## How to complete this task
Write the data out in full and word for word. Do not include images.

## Scraped caption text data
- - - - - - -

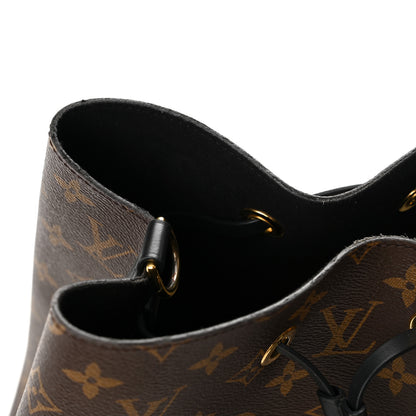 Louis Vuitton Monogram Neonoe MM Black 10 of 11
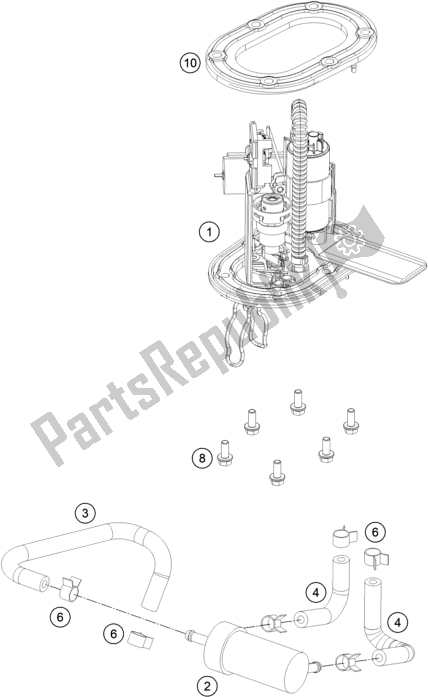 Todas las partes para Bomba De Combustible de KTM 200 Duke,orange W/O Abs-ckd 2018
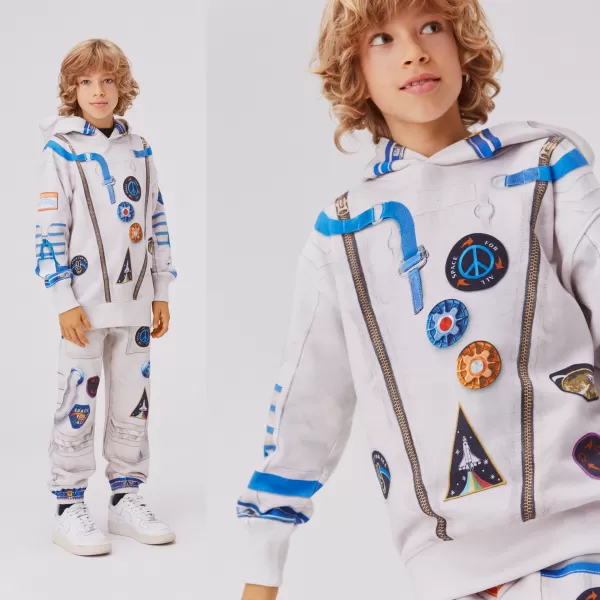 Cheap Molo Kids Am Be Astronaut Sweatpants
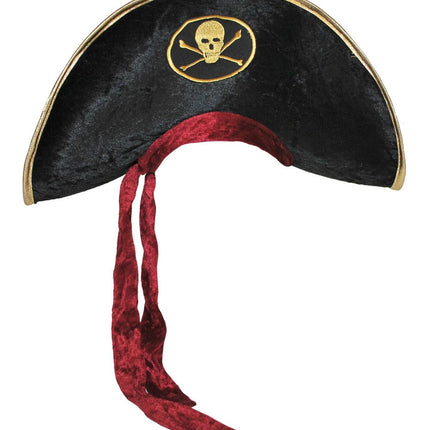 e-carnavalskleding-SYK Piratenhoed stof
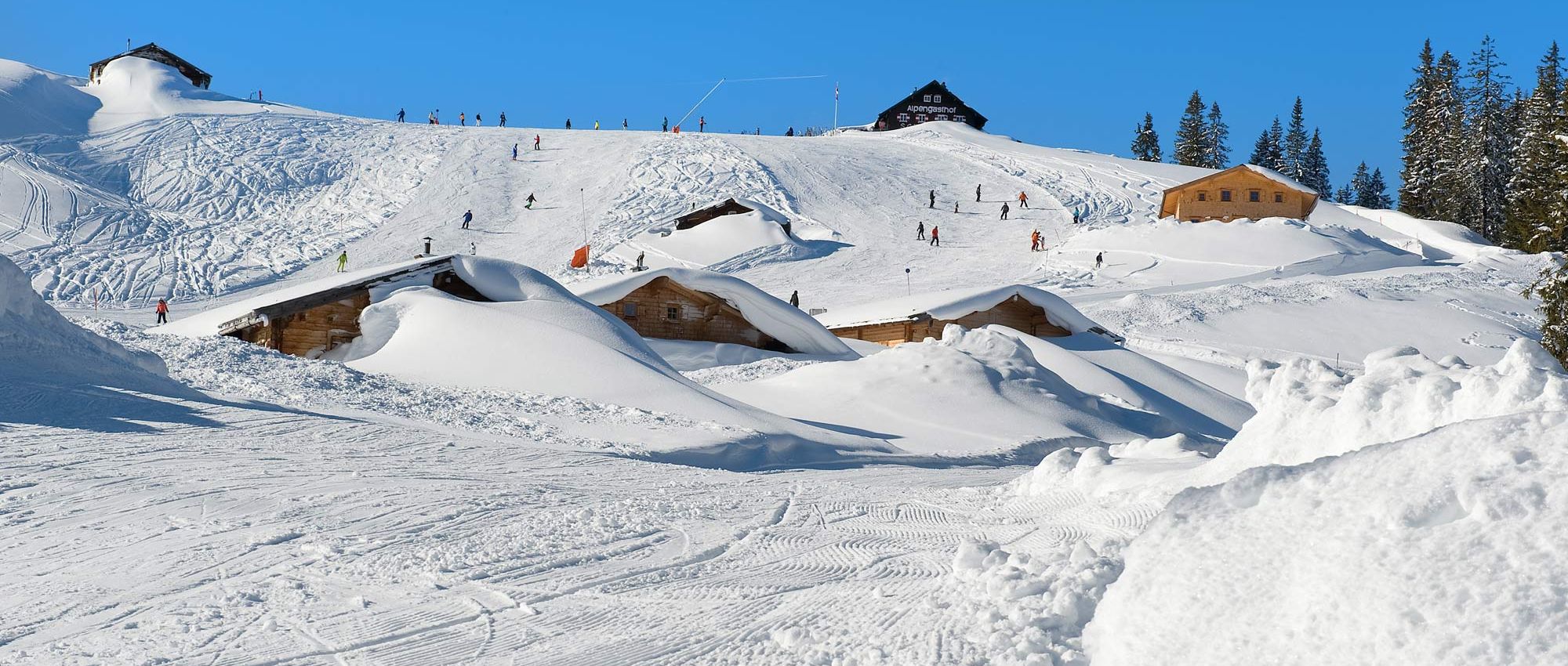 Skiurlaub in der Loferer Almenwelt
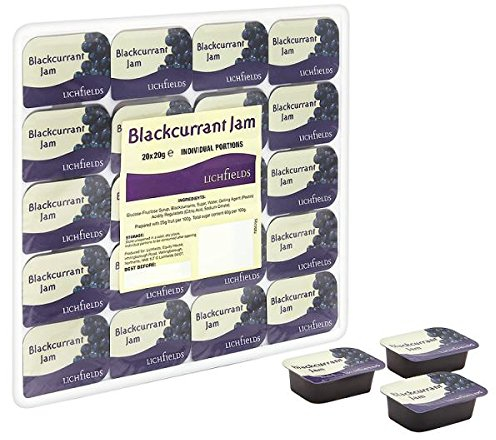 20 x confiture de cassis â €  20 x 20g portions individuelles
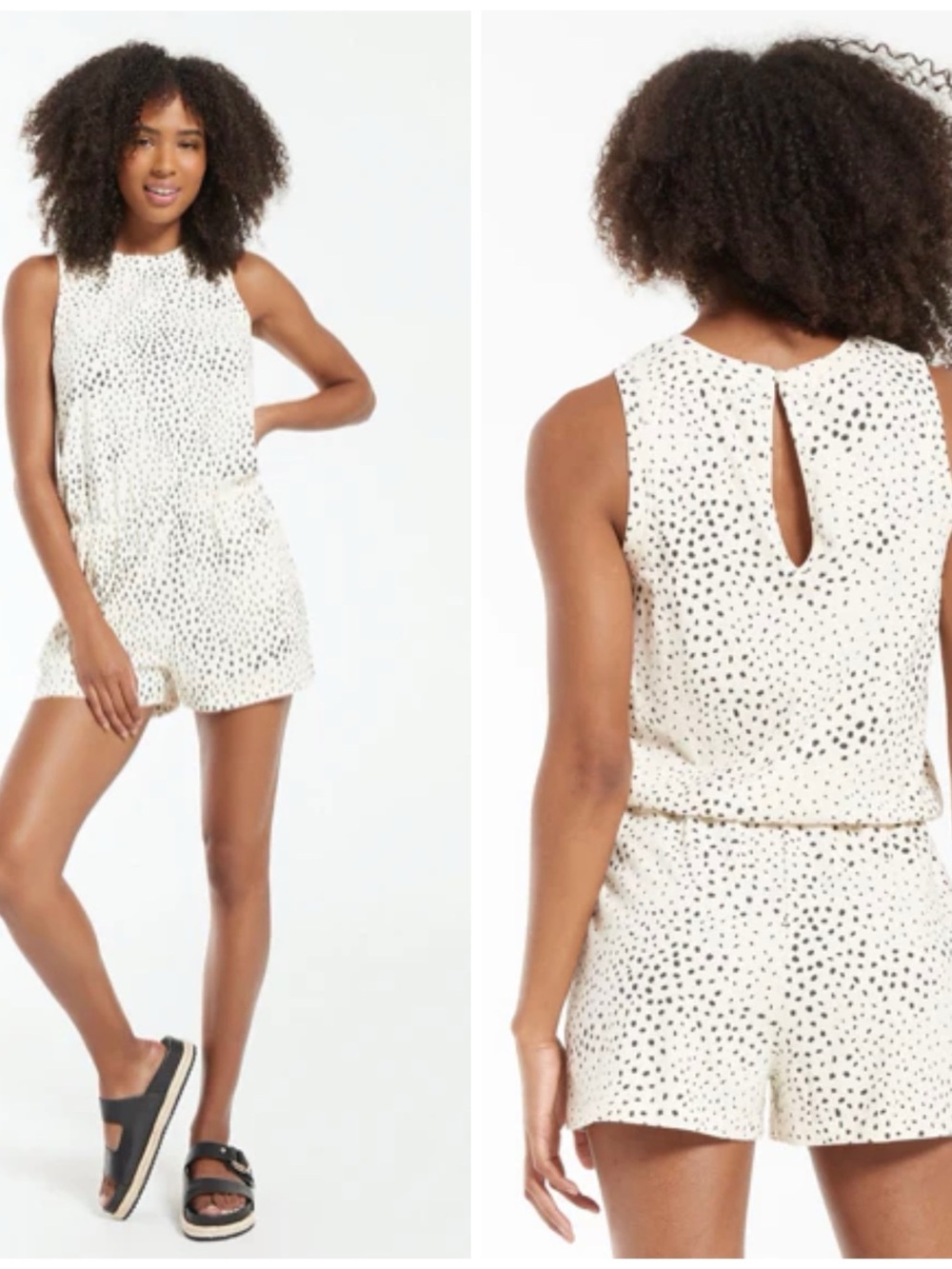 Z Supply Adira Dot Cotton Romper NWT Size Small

- - - - - - -

## Exercise answer
 Louis Vuitton Monogram Neonoe MM Black 10 of 11
 Todas las partes para Bomba De Combustible de KTM 200 Duke,orange W/O Abs-ckd 2018
 Cheap Molo Kids Am Be Astronaut Sweatpants
 e-carnavalskleding-SYK Piratenhoed stof
 Skiurlaub in der Loferer Almenwelt
 20 x confiture de cassis â €  20 x 20g portions individuelles
 Z Supply Adira Dot Cotton Romper NWT Size Small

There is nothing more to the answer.